Omit every picture. Return all other data as it stands.
==== Data shown ====
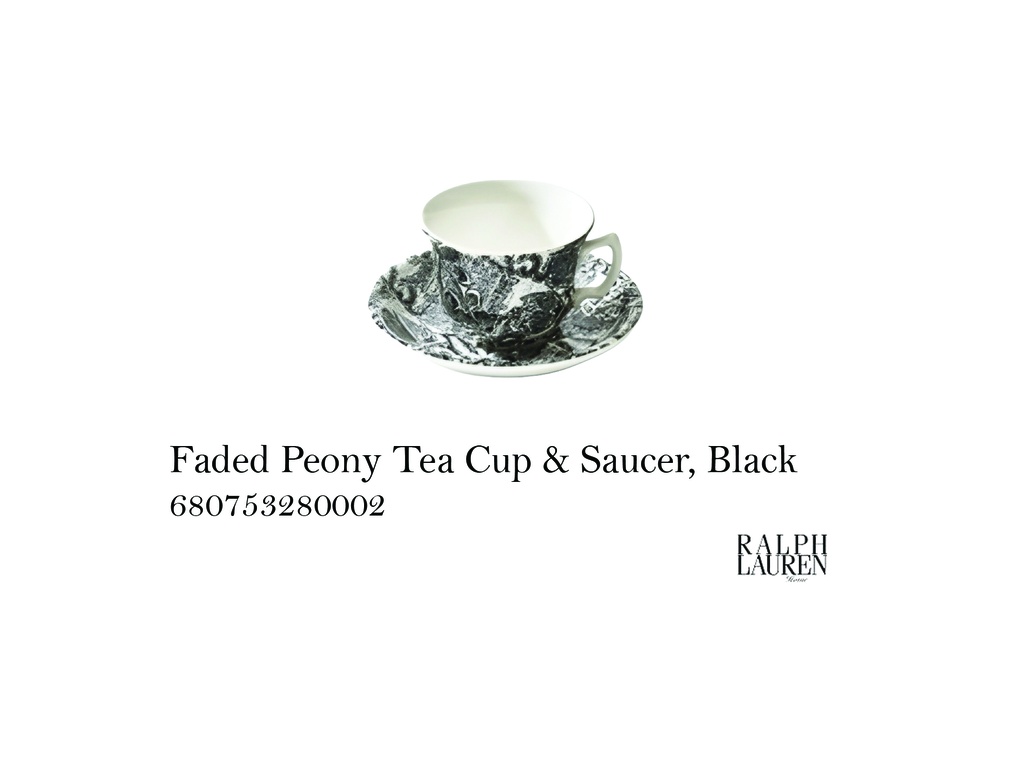 Faded Peony Tea Cup & Saucer, Black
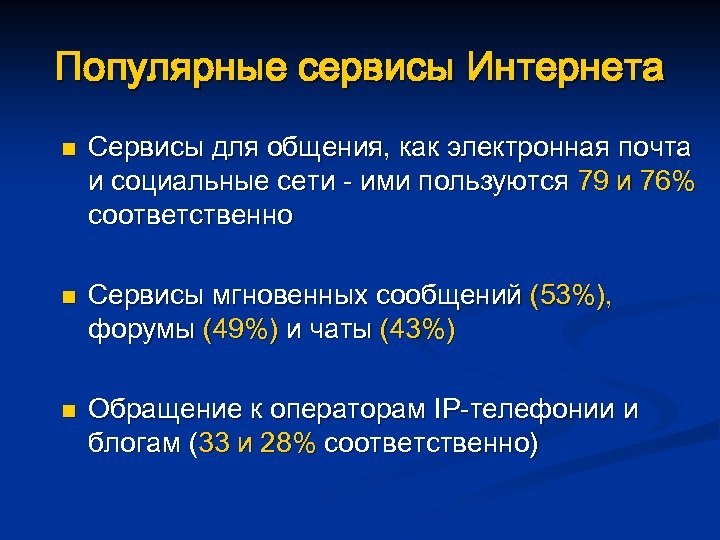 Популярные сервисы Интернета n n n Сервисы для общения, как электронная почта и социальные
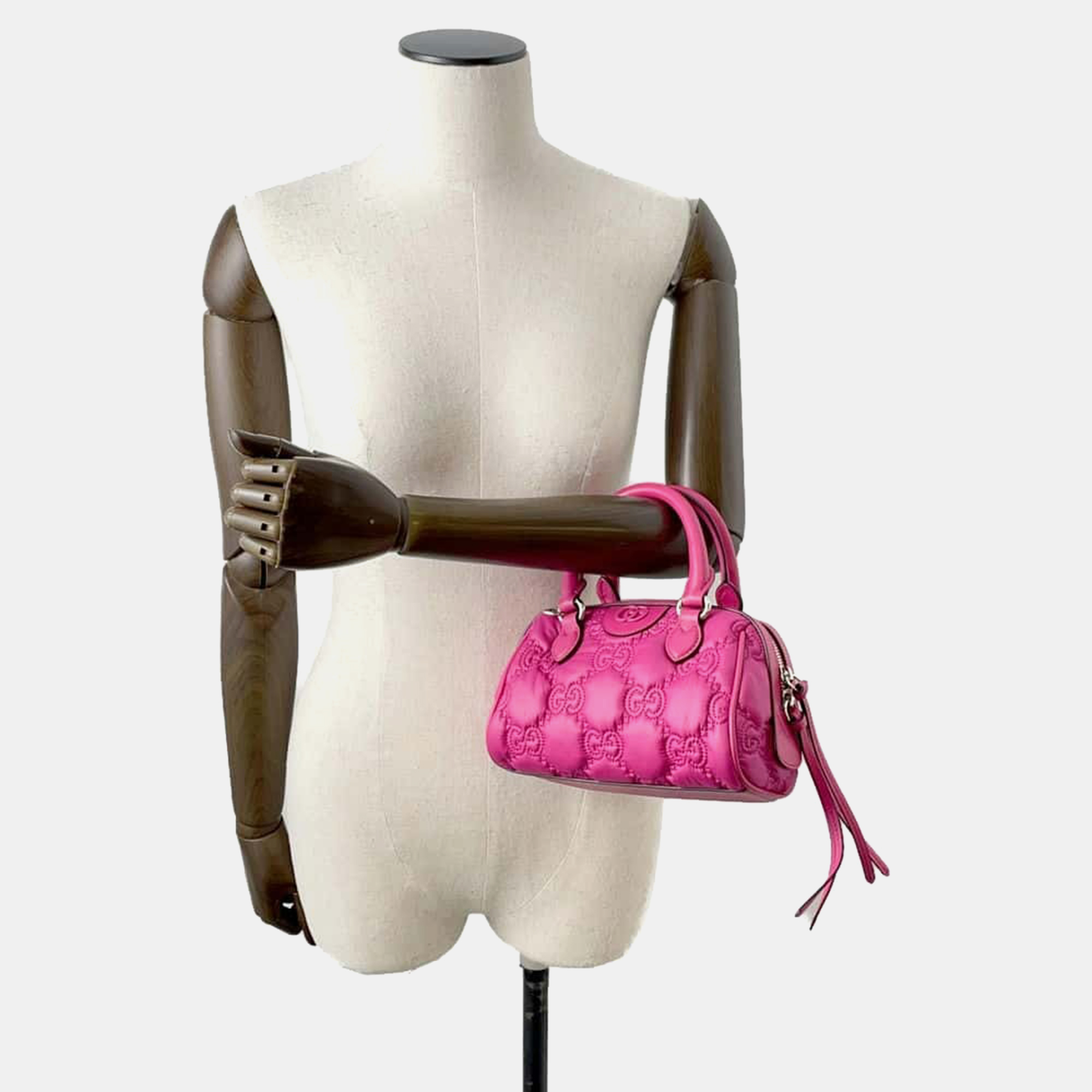 Gucci Pink GG Embossed Nylon And Leather Mini Shoulder Bag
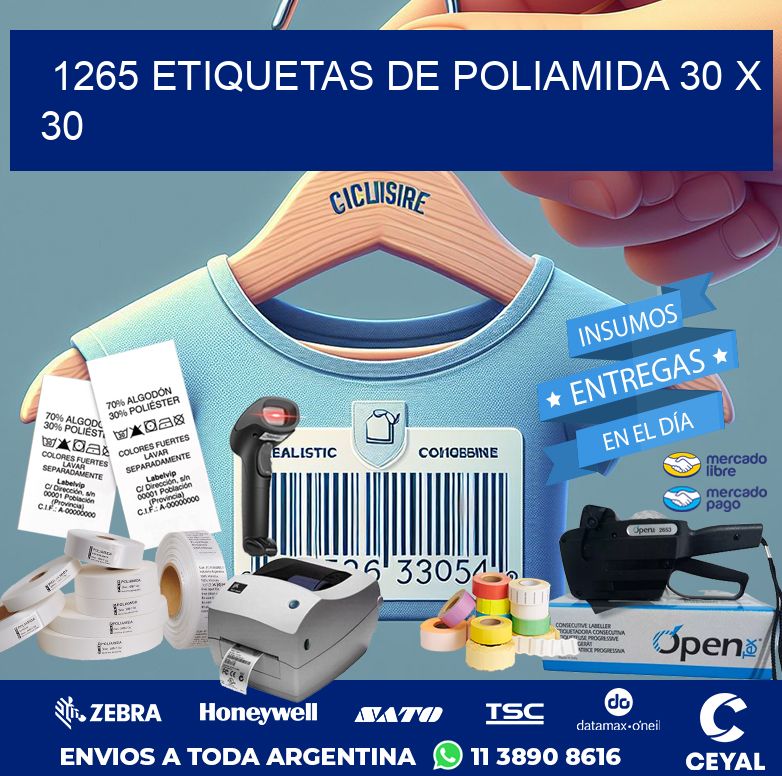 1265 ETIQUETAS DE POLIAMIDA 30 X 30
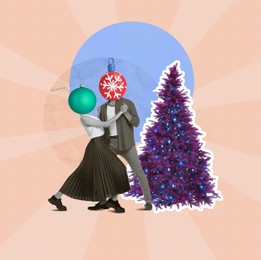 Christmas art collage. Dancing couple with festive balls instead of heads on color background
====
• _Task result_:
 Faded Peony Tea Cup & Saucer, Black
 Популярные сервисы Интернета n n n Сервисы для общения, как электронная почта и социальные
 Gucci Pink GG Embossed Nylon And Leather Mini Shoulder Bag
 1265 ETIQUETAS DE POLIAMIDA 30 X 30
 Christmas art collage. Dancing couple with festive balls instead of heads on color background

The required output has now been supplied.